Dataset items
Start of Block
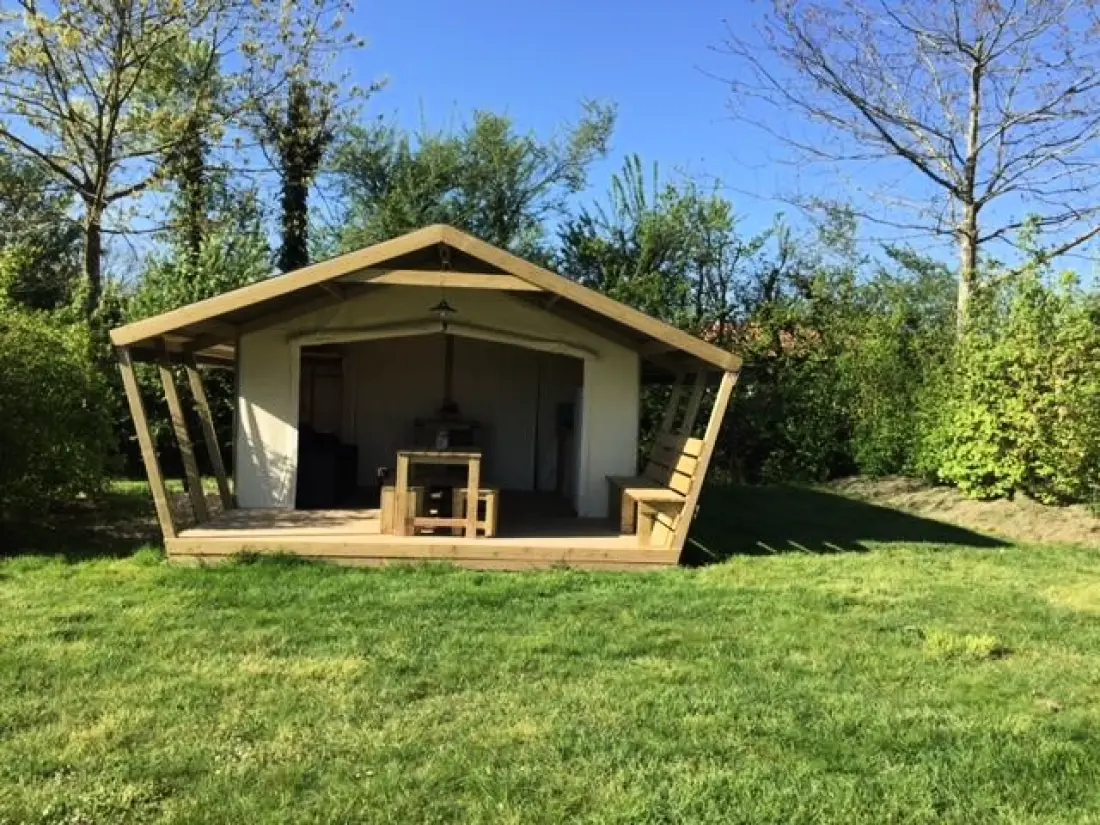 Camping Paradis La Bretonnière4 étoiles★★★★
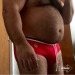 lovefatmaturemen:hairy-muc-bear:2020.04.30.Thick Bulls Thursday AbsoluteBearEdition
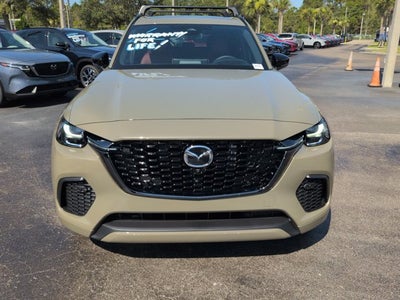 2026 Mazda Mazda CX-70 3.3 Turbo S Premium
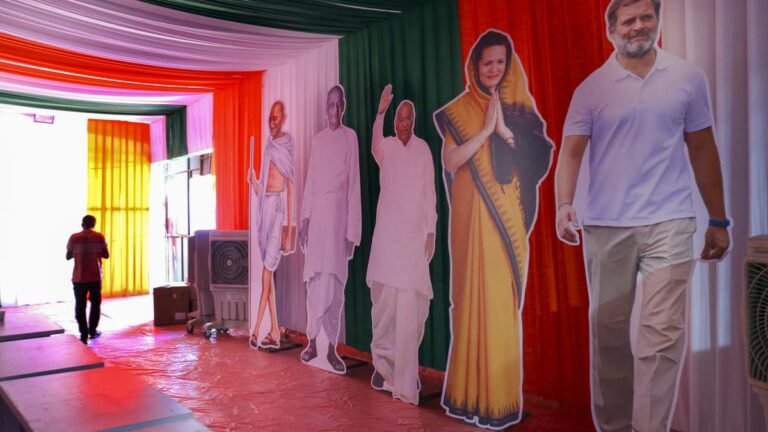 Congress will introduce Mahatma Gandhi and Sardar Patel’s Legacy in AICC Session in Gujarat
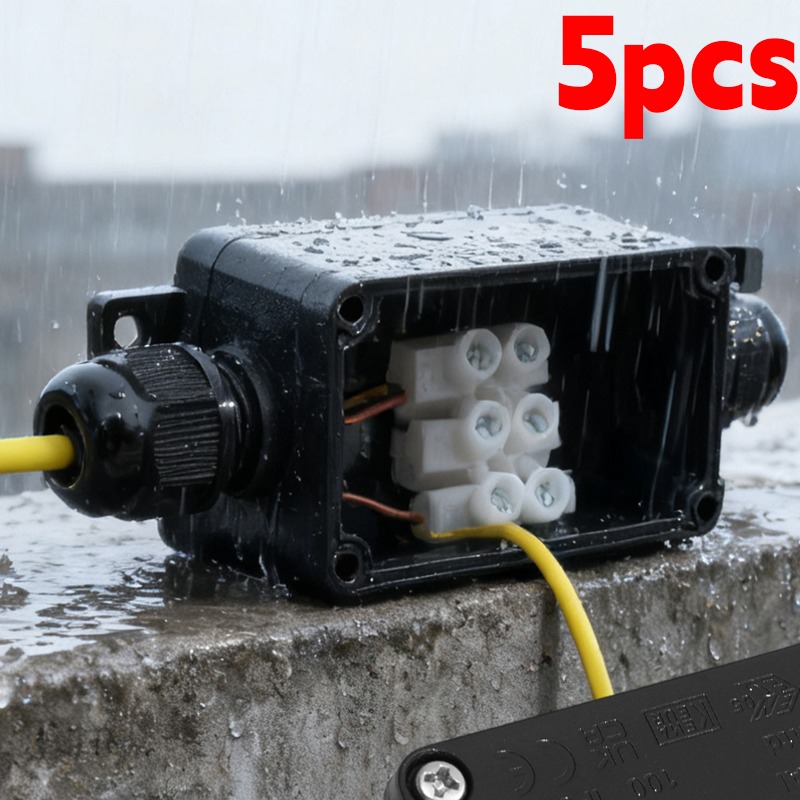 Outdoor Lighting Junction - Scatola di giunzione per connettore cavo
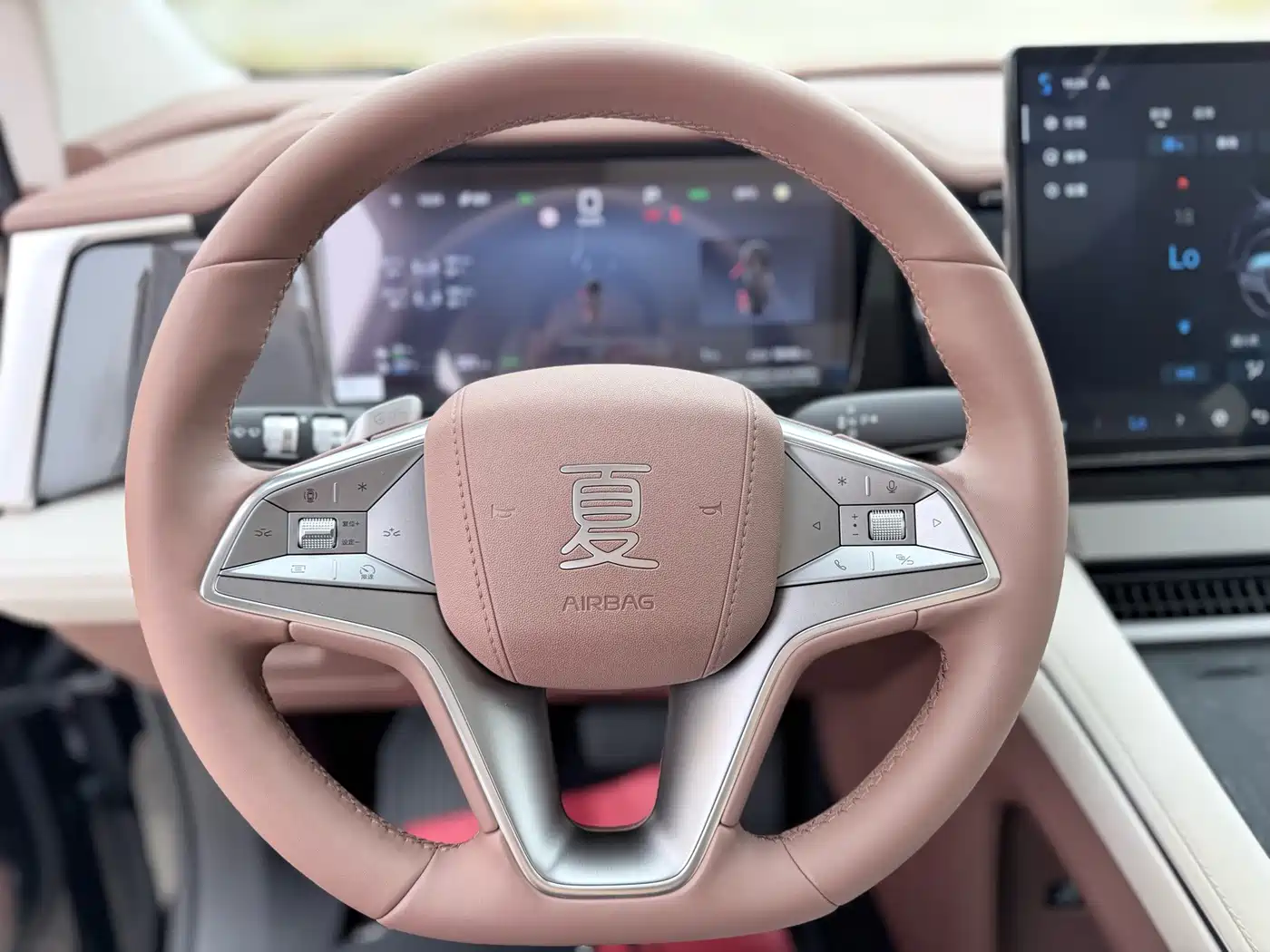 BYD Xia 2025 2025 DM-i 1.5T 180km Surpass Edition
End of Block
» Work instructions: Write out again the lines from the one with "Outdoor Lighting Junction" through the end of the records exactly, without any of the pictures.

» Response:
 Outdoor Lighting Junction - Scatola di giunzione per connettore cavo
 BYD Xia 2025 2025 DM-i 1.5T 180km Surpass Edition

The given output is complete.